Touché de ces instances, Newman balbutia une infinité de phrasés entortillées et décousues pour arriver à dire que madame Kenwigs l’avait longuement interrogé le matin sur l’origine de sa connaissance avec Nicolas, et sur la vie, les aventures et la généalogie de celui-ci ; que Newman avait éludé ces questions de son mieux, mais que, vivement pressé et forcé dans sa retraite, il s’était permis d’avancer que Nicolas était un professeur du plus haut mérite, victime de malheurs qu’il n’était pas libre d’expliquer, et portant le nom de Johnson. Madame Kenwigs, poussée par la reconnaissance, l’ambition ou l’orgueil maternel, avait fini par charger Newman de proposer à M. Johnson d’apprendre aux quatre demoiselles Kenwigs la langue française, telle que la parlent les naturels du pays, moyennant le salaire hebdomadaire d’un shilling par semaine pour chaque demoiselle Kenwigs, et d’un shilling en sus en attendant que l’enfant pût se mettre à la grammaire.
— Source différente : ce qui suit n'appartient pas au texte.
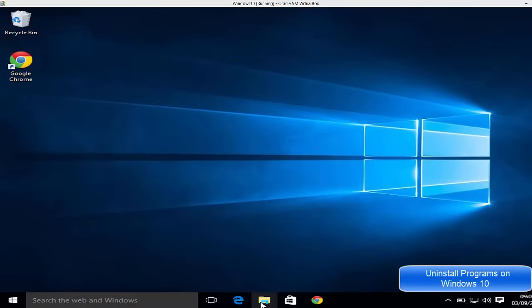Hello guys, in this video I'm going to show you how you can uninstall apps from Windows 10. So there are a few ways of uninstalling apps on Windows 10 and let's see what they are.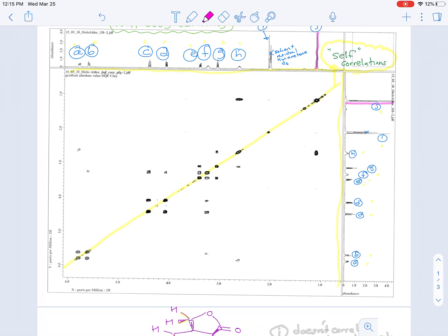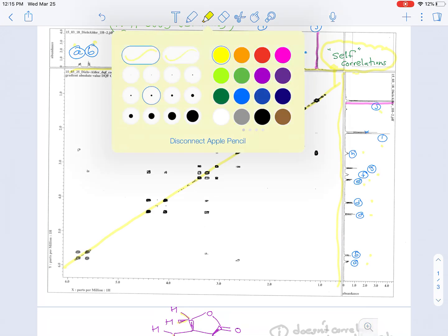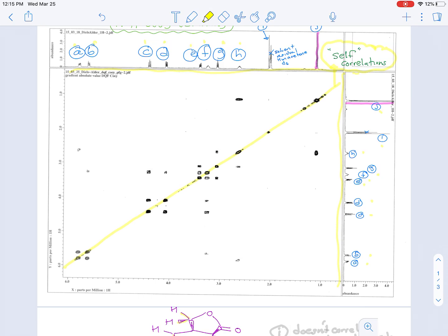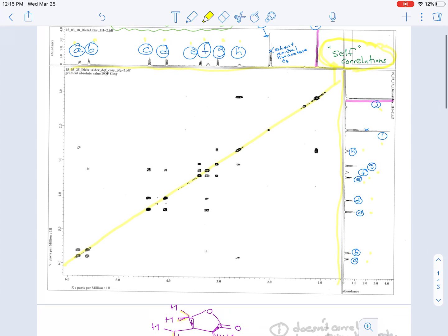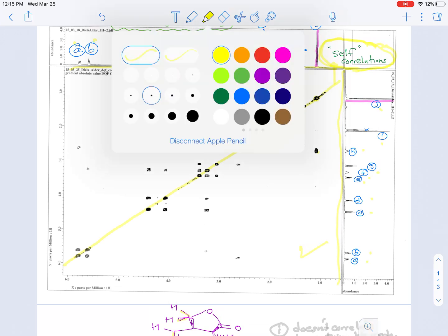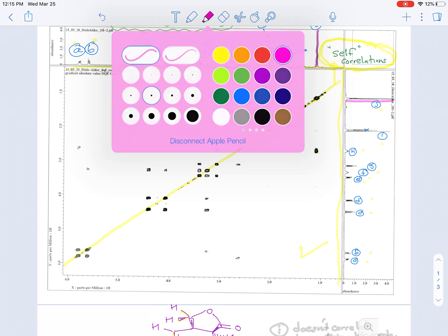So looking at the COSY, I've already highlighted in yellow what I refer to as the self-correlations. So those are signals where the signal correlates to itself. So that would be there for signal J. And I've drawn this nice diagonal line. And it turns out that there are a couple of approaches to this. You can either use the signals above the diagonal line or below the diagonal line.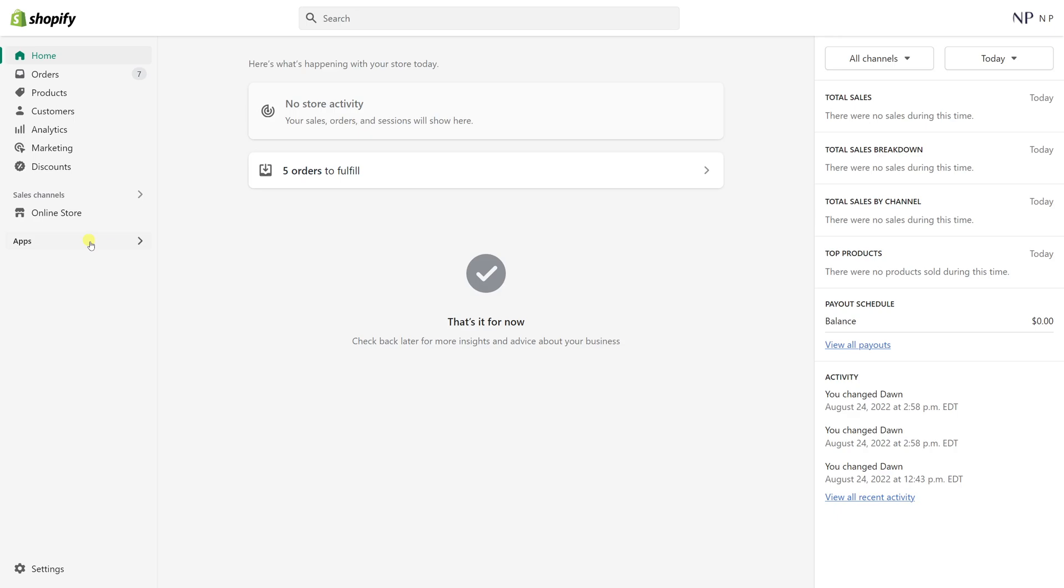In this video I will show you how to add page title and meta description for collection pages.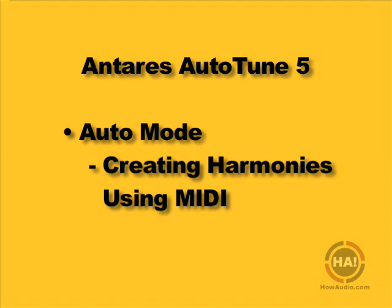Next, we're going to take a look at targeting notes from MIDI. You can use MIDI to tell Auto-Tune what note you want to tune to. While you're doing that, it's pretty fun to do some other things like create harmonies.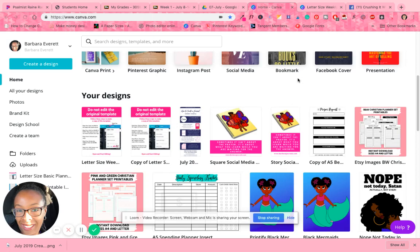Hey everybody, this is Barbara from barbarajournals.com and today I wanted to do this quick video because I know a couple of you have reached out to me regarding how to make the interior pages.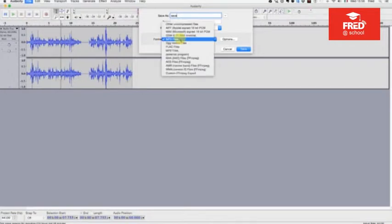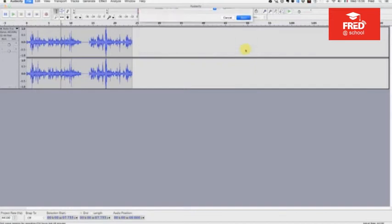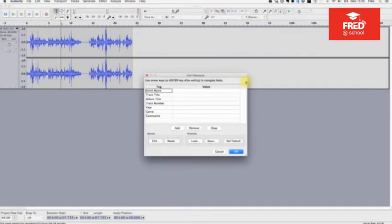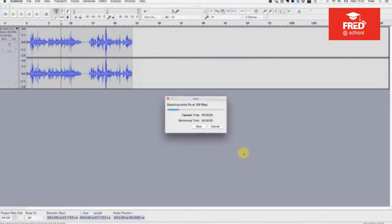Audacity is then going to ask you to locate the file called libmp3lame.dylib. You are then going to search through your local folders, go into /apps/Audacity and find it — or find it wherever you put it — click on it, and that is it. You will be able to save your file as an MP3.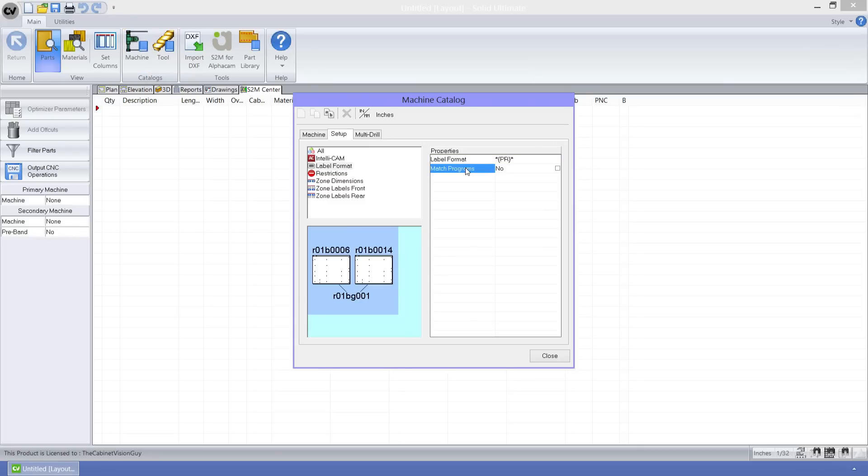As you can see by the illustration, this feature will take two or more parts that are identical and create a single program file for them instead of multiple programs for each part.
— Ou je me trompe fort, avait ajouté madame Kenwigs après avoir fait cette proposition, ou ce temps n’est pas loin, car on n’a jamais vu d’enfant venir au monde avec tant de dispositions. — Voilà, dit Newman, j’ai fini. Cette place est au-dessous de vous, je le sais ; mais je crois que vous pourriez… — Que je pourrais ! s’écria vivement Nicolas ; j’accepte cette offre avec empressement. Dites-le sans retard à la digne mère, mon cher ami ; je suis prêt à commencer quand elle voudra.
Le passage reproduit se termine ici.